Member of the People's Assembly
- Incumbent
- Assumed office 1 July 2026
- Appointed by: Ahmed al-Sharaa

Personal details
- Born: 15 May 1958 (age 68) Khalid, Hasakah Governorate, United Arab Republic
- Party: Kurdistan Democratic Party of Syria
- Other political affiliations: Kurdish National Council
- Education: Damascus University

= Abdul Hakim Bashar =

Abdul Hakim Hawas Bashar (Note: عبد الحكيم حواس بشار. Also translated as Abdulhakim Bashar) (born 15 May 1958) is a Syrian Kurdish paediatrician and politician who was appointed as a member of the People's Assembly on 1 July 2026. A member of the Kurdish National Council (ENKS), he co-founded the party and was formerly its president. In 2026, he was appointed to the national legislature of Syria, the People's Assembly, by Ahmed al-Sharaa.

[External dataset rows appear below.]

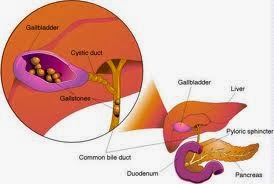 what causes gallstones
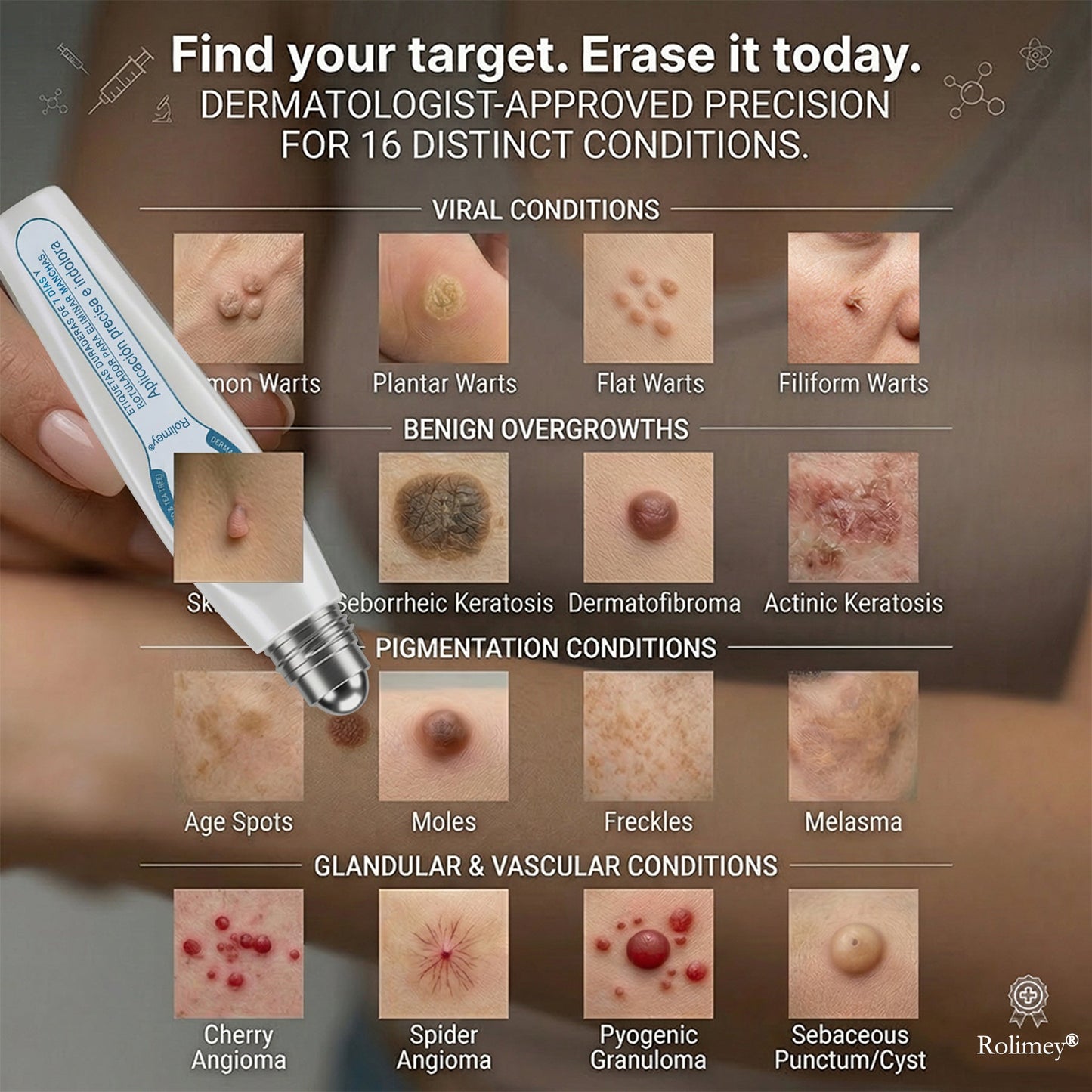 ✨ Official UK Store | Natravor® 7-Day Skin Tag & Blemish Roll-On – Painless & Scar-Free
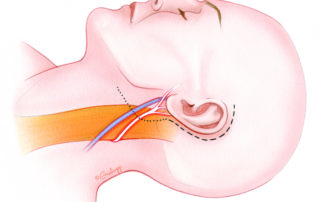 To expose the greater auricular nerve, a postauricular incision is carried inferiorly into the upper neck. The incision can usually be placed in a natural skin crease, thus creating only a subtle scar.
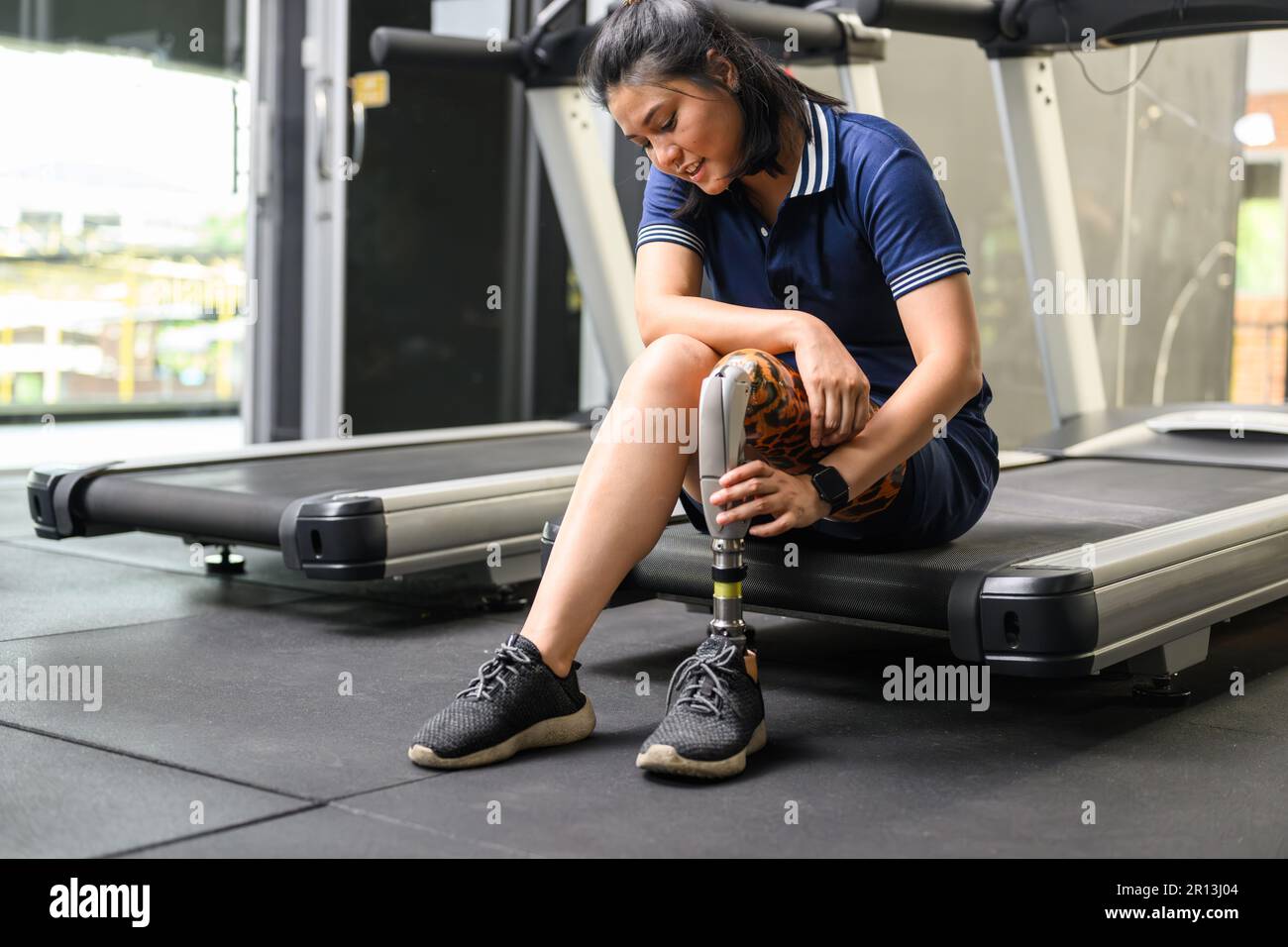 Disabled athlete patient with prosthetic leg doing exercise at gym ...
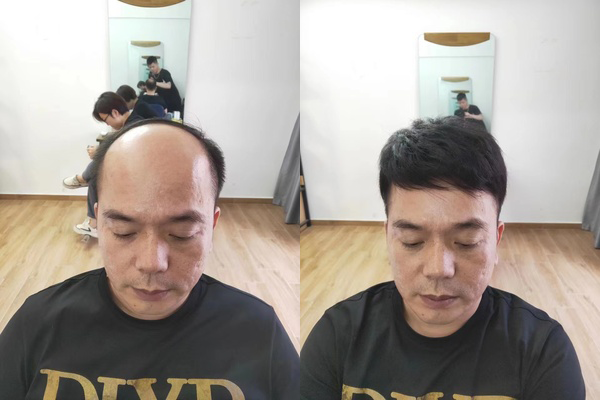 杭州男士假发套实体店在哪里？（地址分享）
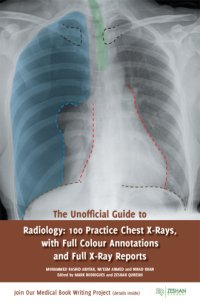 cover of the book The Unofficial Guide to Radiology: 100 Practice Chest X-Rays, with Full Colour Annotations and Full X-Ray Reports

Bashar formerly led the Kurdistan Democratic Party - Syria, and is currently a member of its political bureau. He also served as the second vice president of the Syrian Interim Government from 2016 to 2017. He attended the 2017 Geneva peace talks on Syria as a delegate of ENKS, and in 2021, he was part of a group that met the UN secretary general.

== Biography ==
Abdul Hakim Hawas Bashar was born on 15 May 1958 in Khalid, a village near the town of Amuda in Hasakah Governorate. He graduated from Damascus University in 1987 as a paediatrician. He joined the Kurdistan Democratic Party. Bashar was elected member of the party's central committee in 1991, and a member of its political bureau in 1996.